Monday Meditation

what is mine to do?

I am writing this on morning of my departure to spend five days in the Sax-Zim Bog  Nature Reserve,  in Northern Minnesota. You may be asking what on earth am I going to such a brutally cold area? (Sub-zero is normal and with high winds.) What Ornithologists call an eruption of birds occurring there.  I reserved this trip up last year so I would not have known an eruption of birds is occurring now. That is what ornithologists when call an abundance of particular birds appear. I’m searching especially the four species of owls there: snowy owl, boreal owl, northern hawk owl, great gray owl, alone with boreal chickadee, Bohemian waxwings, common redpolls and other birds that rarely if ever appear in the East. I am writing and sending this before the event. If I’m lucky, I’ll add an owl species is possible. 

Meanwhile, our nation turbulence remains. I continue to find the wisest way to walk. “What is my work to be done?” This comment by pastor-theologian Kenneth Tanner is one I appreciate. 

Whether we worship or loathe a political leader, when we give them too much of our attention, obsessing over the good or the bad they do—we might be enraged or enraptured, seeing them as the center of all that is good or evil—we make them a god.

This darkens the path in front of us, makes us less capable of the sort of contemplation that brings wisdom, less capable of the love the world around us needs. We become disoriented.

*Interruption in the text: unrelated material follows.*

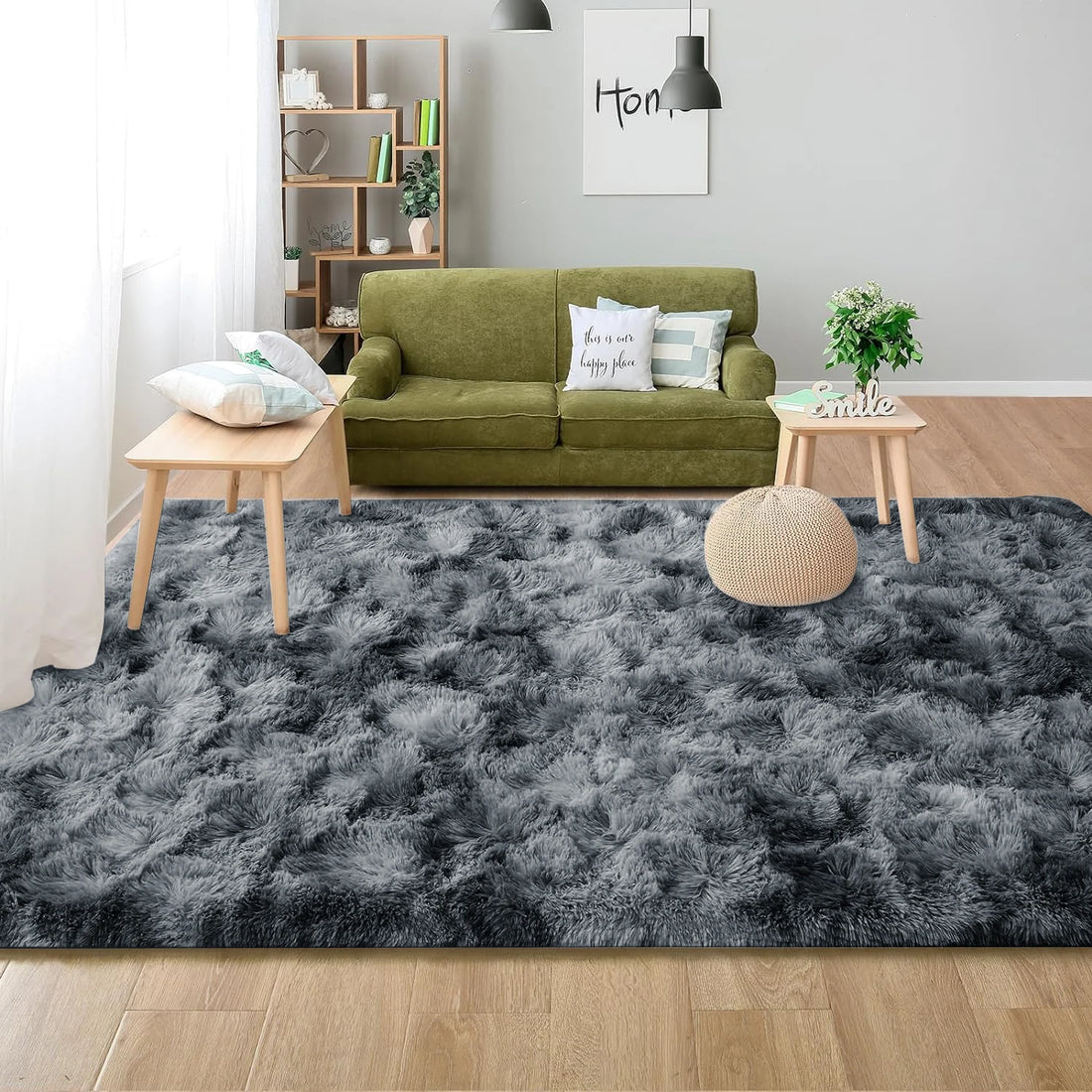 Zotteliger Teppich in Batik-Optik mit Samtflor für Wohnzimmer, Schlafzimmer und Kinderzimmer – 50 × 80 bis 160 × 230 cm, rutschfest, 4 Farben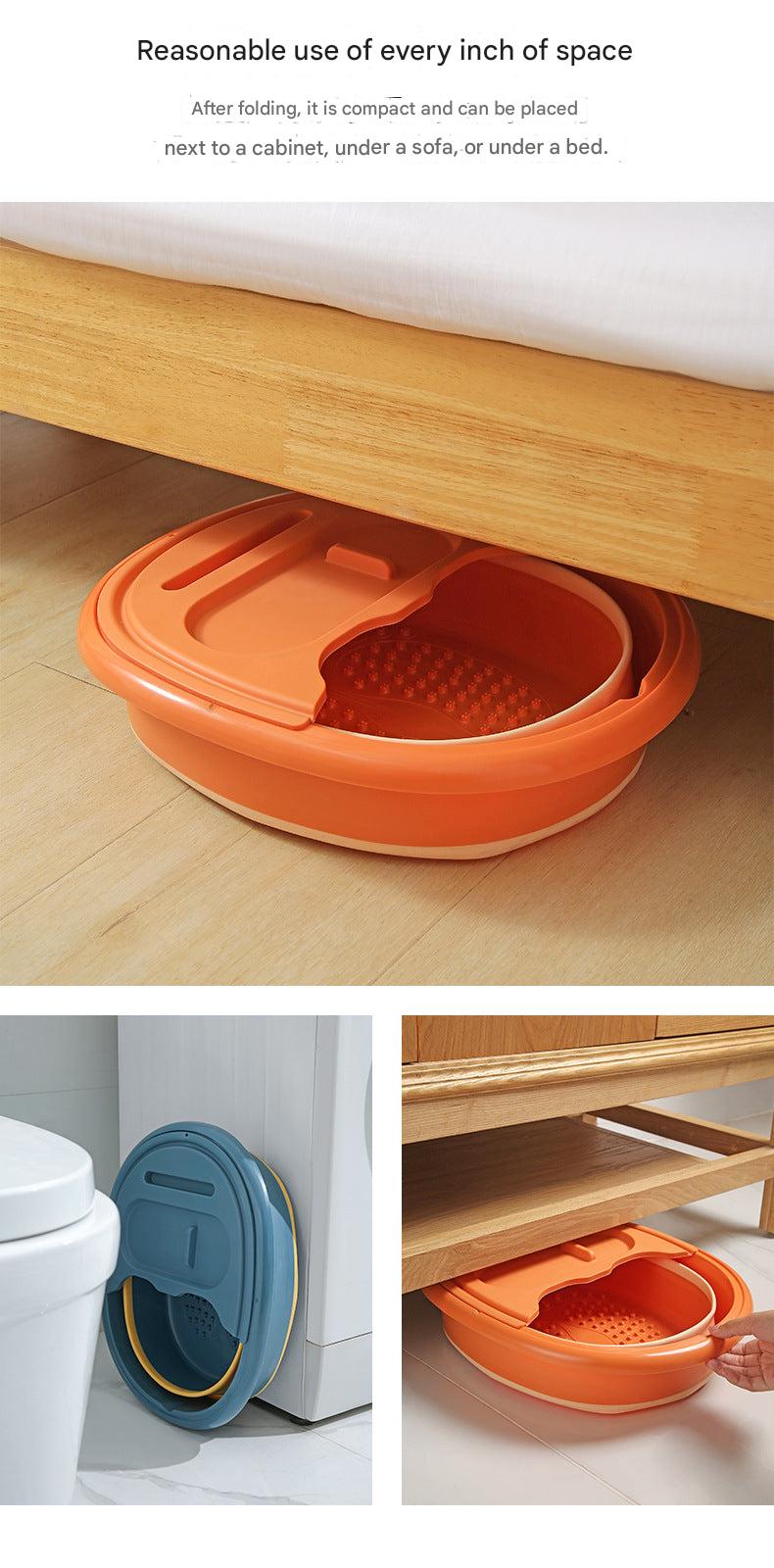 Folding foot soaking bucket in cream color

This is not a counsel to ignore the bad or deny the good of anyone—such discernments are essential to living responsibly—but it is a pastoral encouragement to place one's entire attention where it belongs, to place all of the senses before the only One who bears wisdom and love, and then empowered by Christ, to speak and act in the world in ways that bring healing and transfiguration.

Kenneth Tanner
Holy Redeemer Church
Rochester, Michigan 
2.6.25

The Boreal Owl. One of the more elusive owls of the north country.